* _Supplied data_:
::::

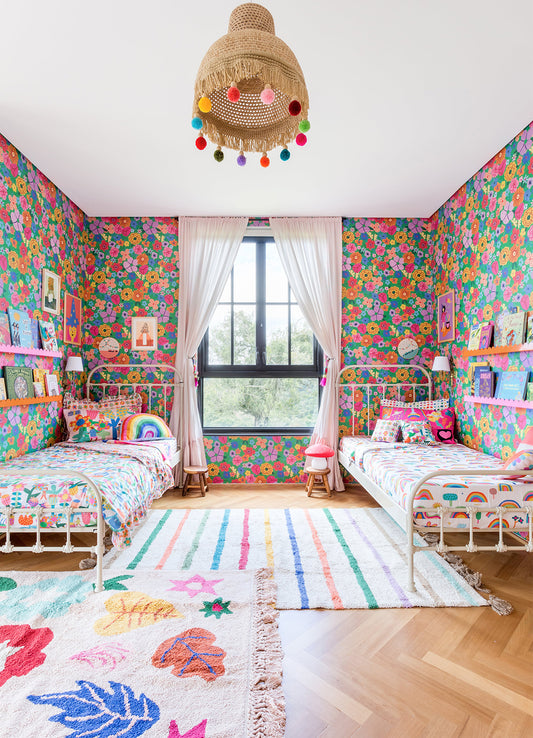 Papel de Parede Infantil - Buquê de Flores Verde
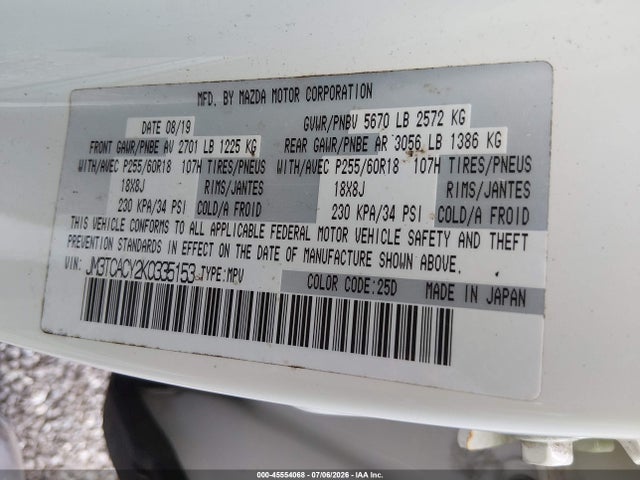 Продаж на аукціоні авто 2019 Mazda Cx-9 Touring, vin: JM3TCACY2K0335153, номер лоту: 45554068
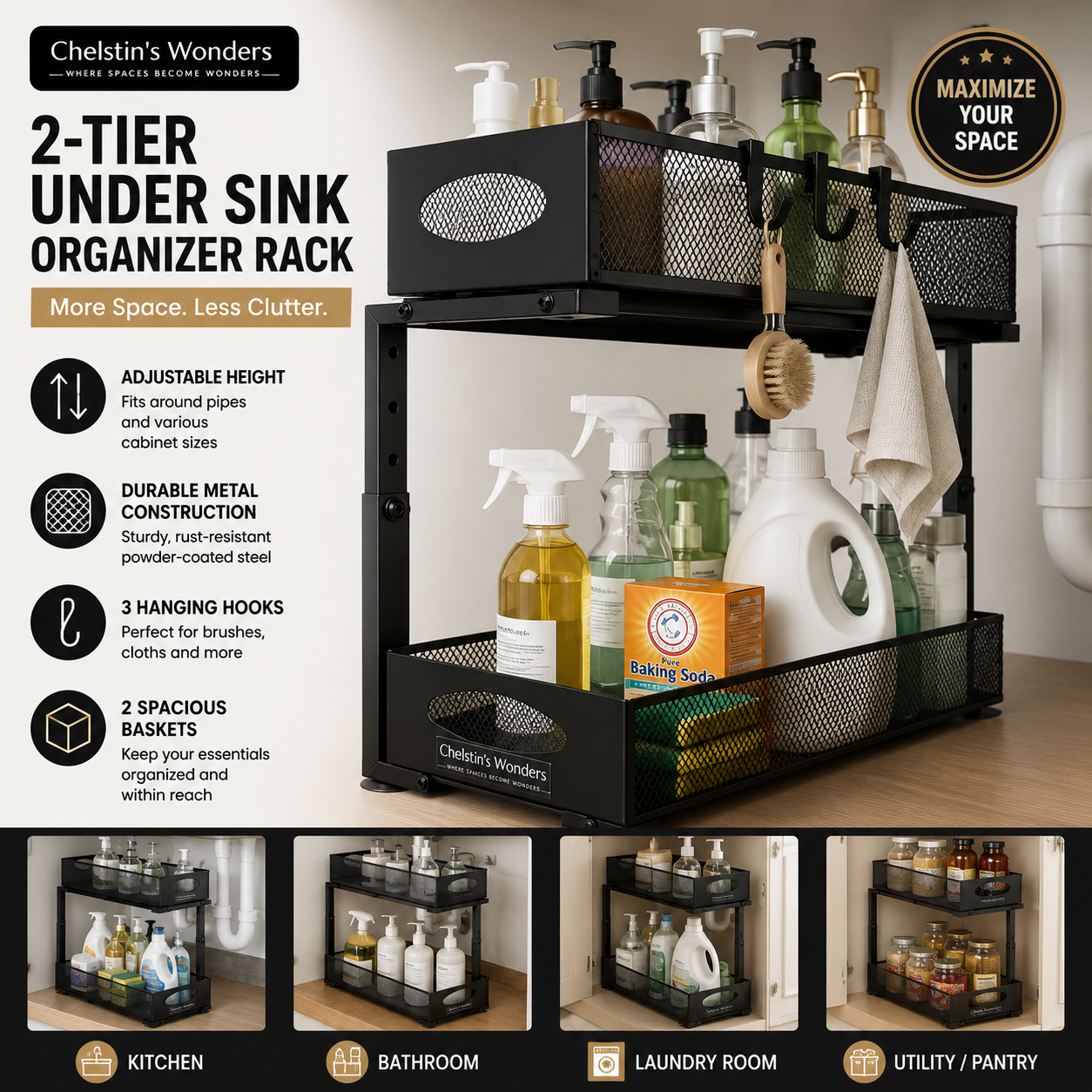 Chelstin's Wonders 2-Tier Adjustable Under Sink Organizer Rack with Hooks – Black
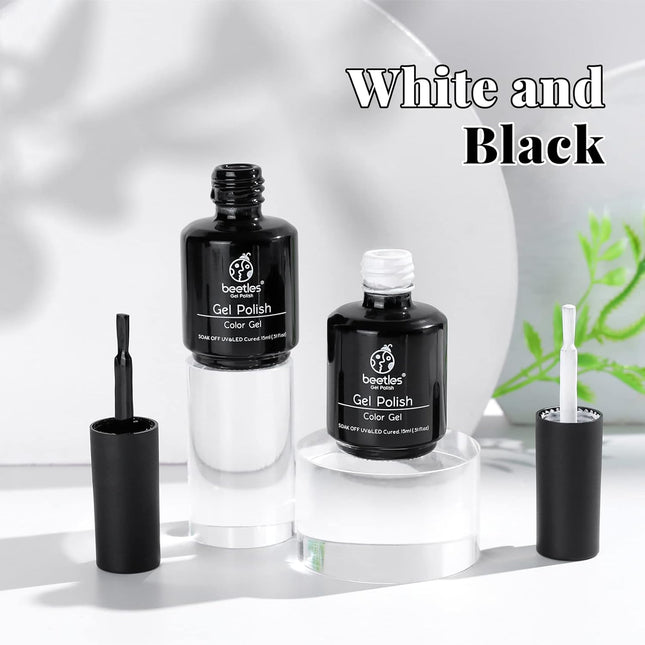 Beetles Gel Polish White Gel Polish and Black Gel Polish Kit 2 Pcs 15Ml Black an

::::

* _Your instructions_: Starting at the line that contains "Chelstin's Wonders 2-Tier", retype each line through the final one in the listing, with both ends kept and the pictures omitted.

* _Solved exercise_:
 Chelstin's Wonders 2-Tier Adjustable Under Sink Organizer Rack with Hooks – Black
 Beetles Gel Polish White Gel Polish and Black Gel Polish Kit 2 Pcs 15Ml Black an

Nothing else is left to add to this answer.